▶ [PROBLEM DESCRIPTION]
Leave the images out and repeat the data exactly as given.

▶ [Records drawn from a dataset]
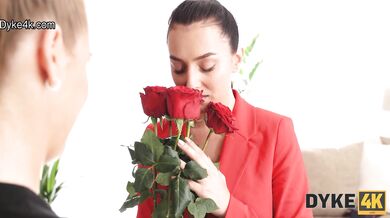 DYKE4K. Torn pantyhose help sweet chicks to get access to their wet pussies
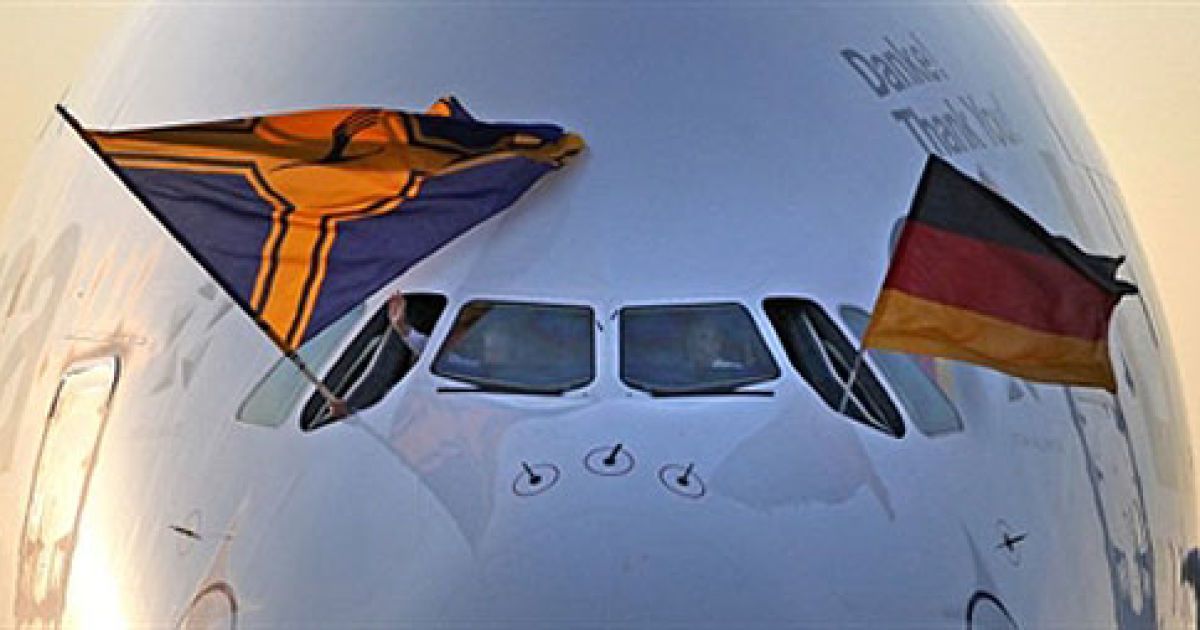 Німеччина, Франкфурт-на-Майні. Літак Airbus A380 зі збірною Німеччини по футболу на борту приземлився у міжнародному аеропорту Франкфурта-на-Майні. Футболісти повернулися з Чемпіонату світу з футболу-2010 у Південній Африці, на якому німецька збірна зайняла третє місце. / © AFP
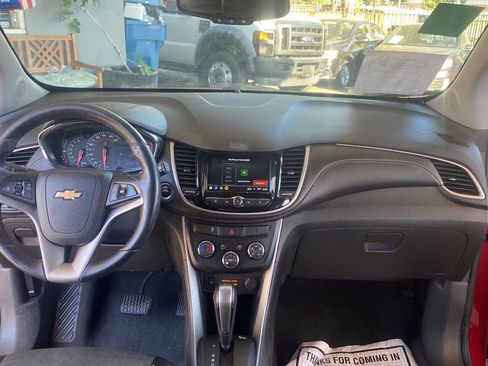 Used 2019 Chevrolet Trax LT w/ LT Convenience Package FWD image 10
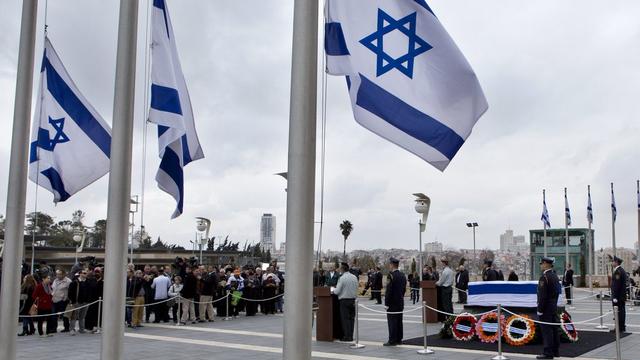 Des milliers d'Israéliens sont allés s'incliner devant le cercueil de l'ancien Premier ministre Ariel Sharon. [EPA/Keystone - Jim Hollander]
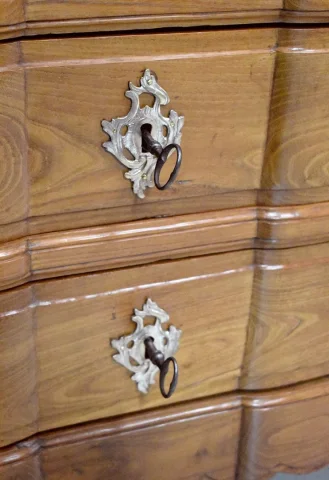 Commode Louis XV à double arbalètes – XVIIIème
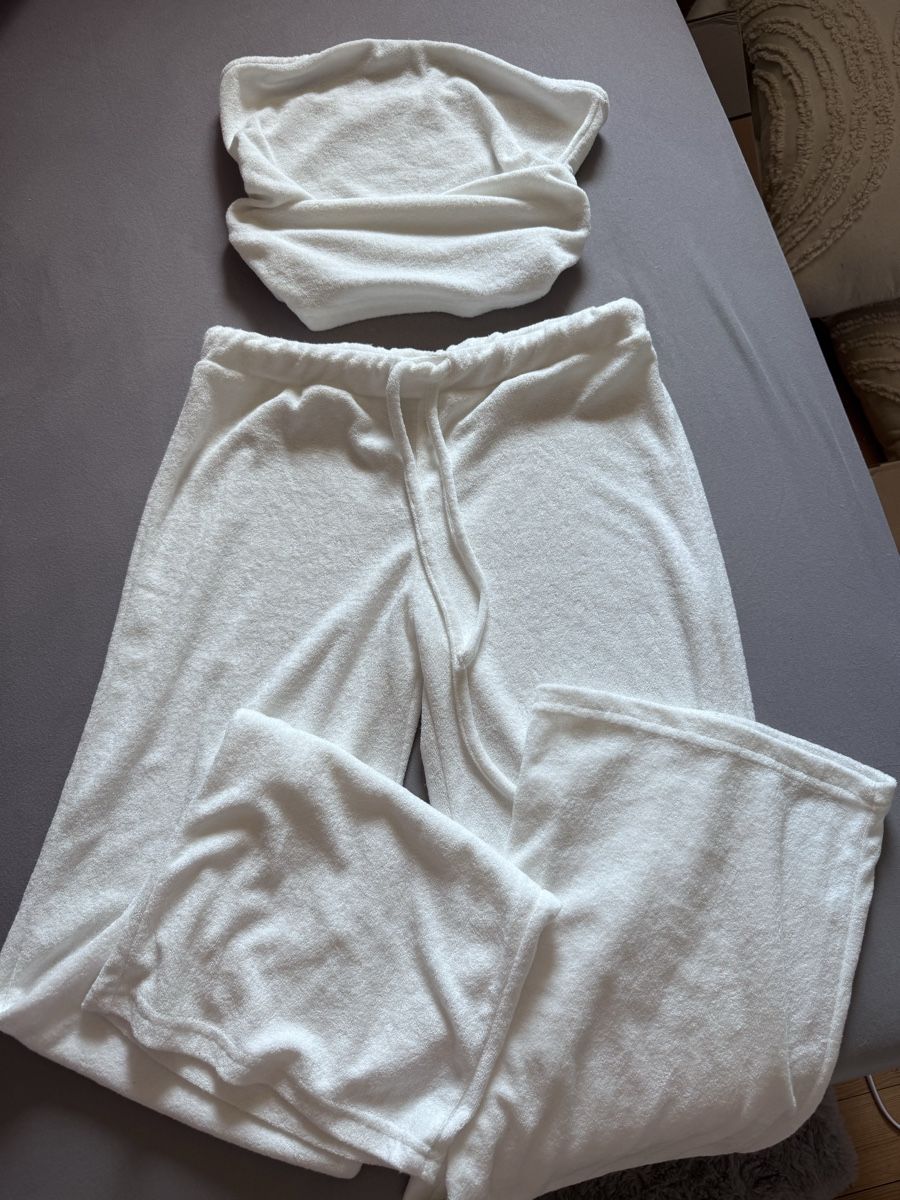 Kleiderpakete: Set – Neu (gemäss Beschreibung) aus Trimbach von zoraaurelia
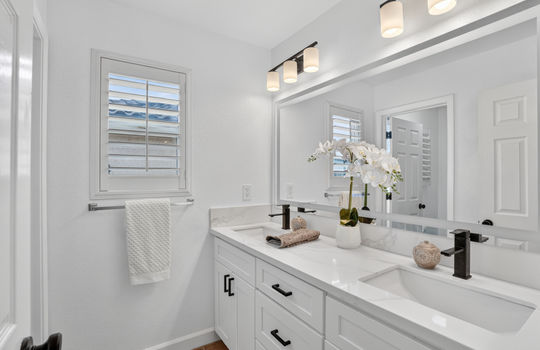 10090 Rojelio Court-48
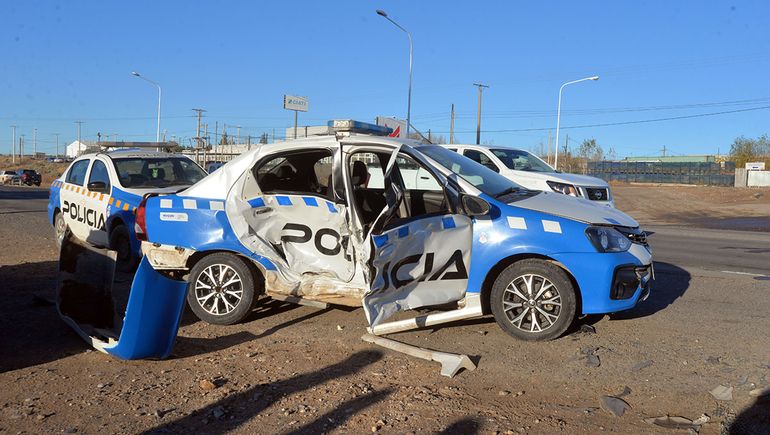 Fuerte accidente entre un patrullero y un remis en Ruta 7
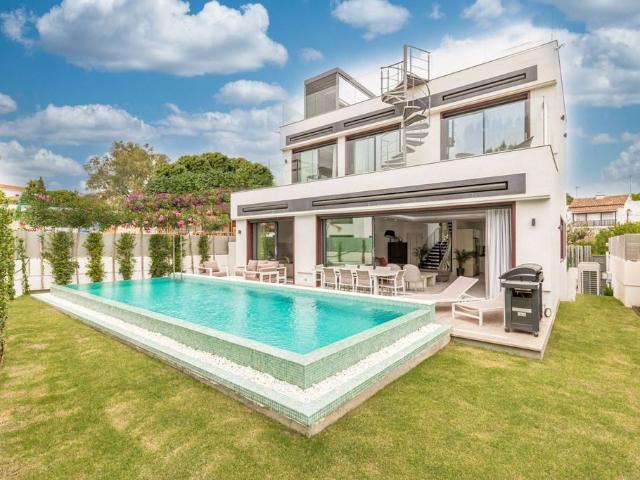 Exclusiva Villa / Chalet en alquiler The Golden Mile, Marbella, Andalucía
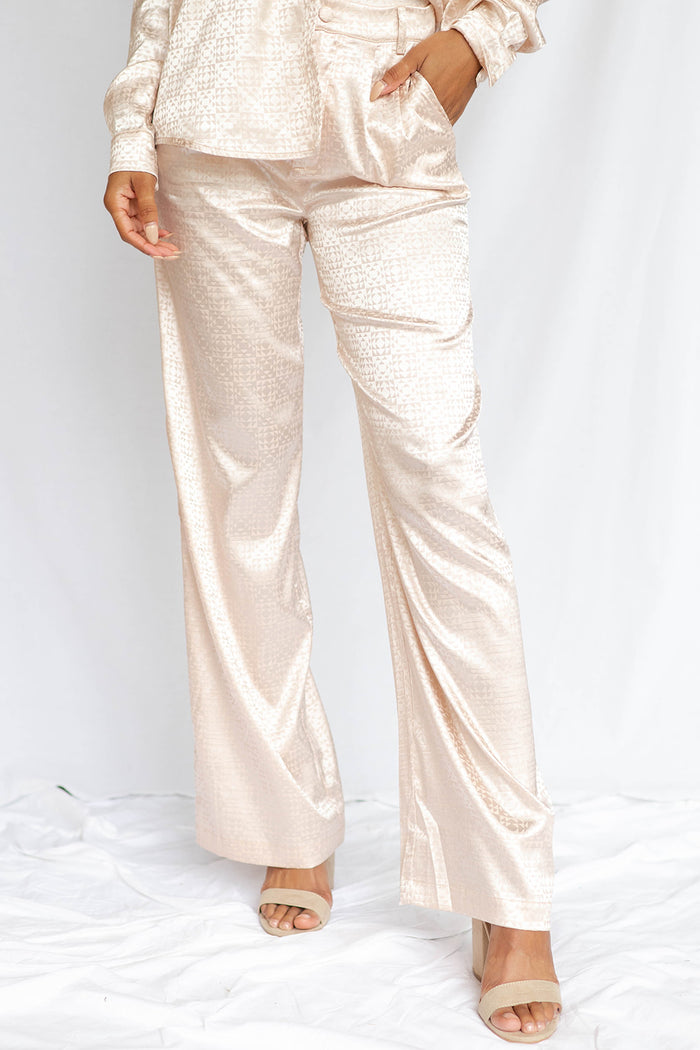 mode, diamonds + champagne pants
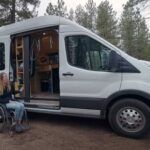 Esta furgoneta camper adaptada está lista para la aventura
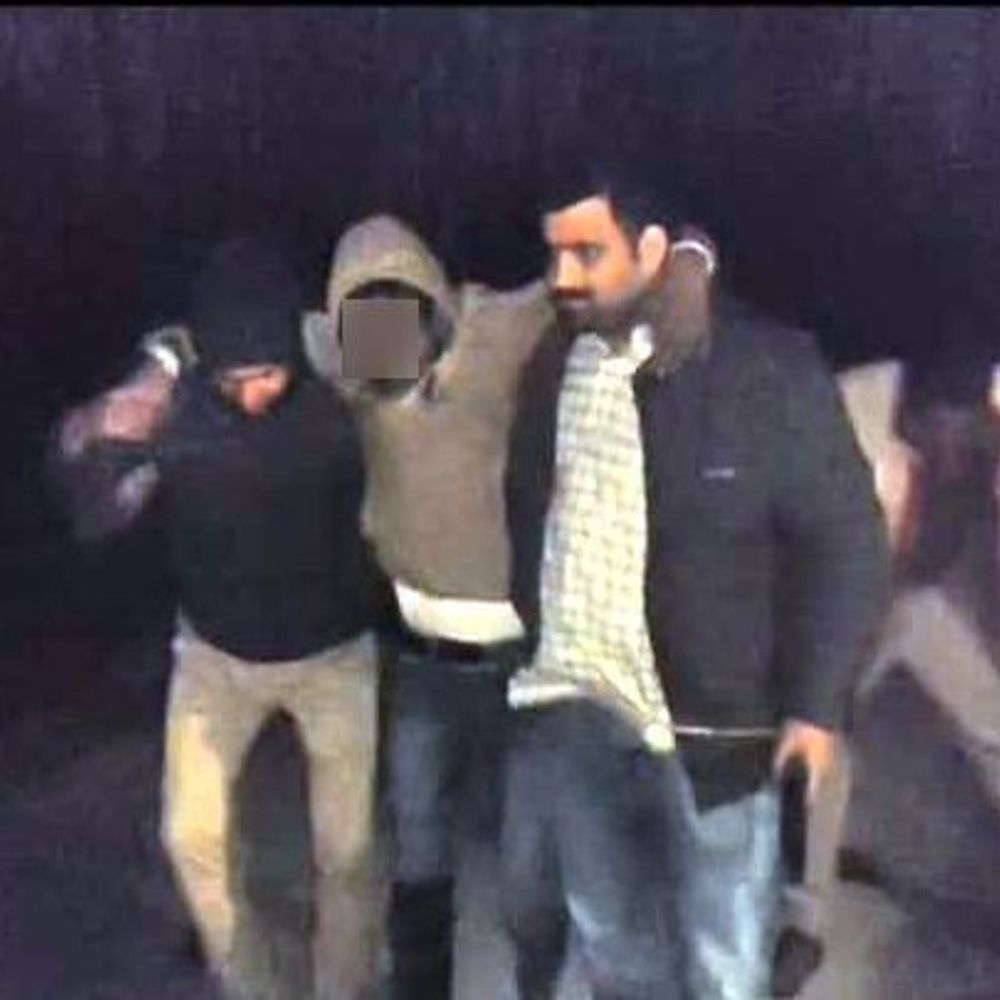 सहारनपुर पुलिस की गोकश बदमाश से मुठभेड़:पैर में गोली लगने से घायल हुआ, तमंचा, कारतूस और बाइक बरामद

▶ [REPLY]
 DYKE4K. Torn pantyhose help sweet chicks to get access to their wet pussies
 Німеччина, Франкфурт-на-Майні. Літак Airbus A380 зі збірною Німеччини по футболу на борту приземлився у міжнародному аеропорту Франкфурта-на-Майні. Футболісти повернулися з Чемпіонату світу з футболу-2010 у Південній Африці, на якому німецька збірна зайняла третє місце. / © AFP
 Used 2019 Chevrolet Trax LT w/ LT Convenience Package FWD image 10
 Des milliers d'Israéliens sont allés s'incliner devant le cercueil de l'ancien Premier ministre Ariel Sharon. [EPA/Keystone - Jim Hollander]
 Commode Louis XV à double arbalètes – XVIIIème
 Kleiderpakete: Set – Neu (gemäss Beschreibung) aus Trimbach von zoraaurelia
 10090 Rojelio Court-48
 Fuerte accidente entre un patrullero y un remis en Ruta 7
 Exclusiva Villa / Chalet en alquiler The Golden Mile, Marbella, Andalucía
 mode, diamonds + champagne pants
 Esta furgoneta camper adaptada está lista para la aventura
 सहारनपुर पुलिस की गोकश बदमाश से मुठभेड़:पैर में गोली लगने से घायल हुआ, तमंचा, कारतूस और बाइक बरामद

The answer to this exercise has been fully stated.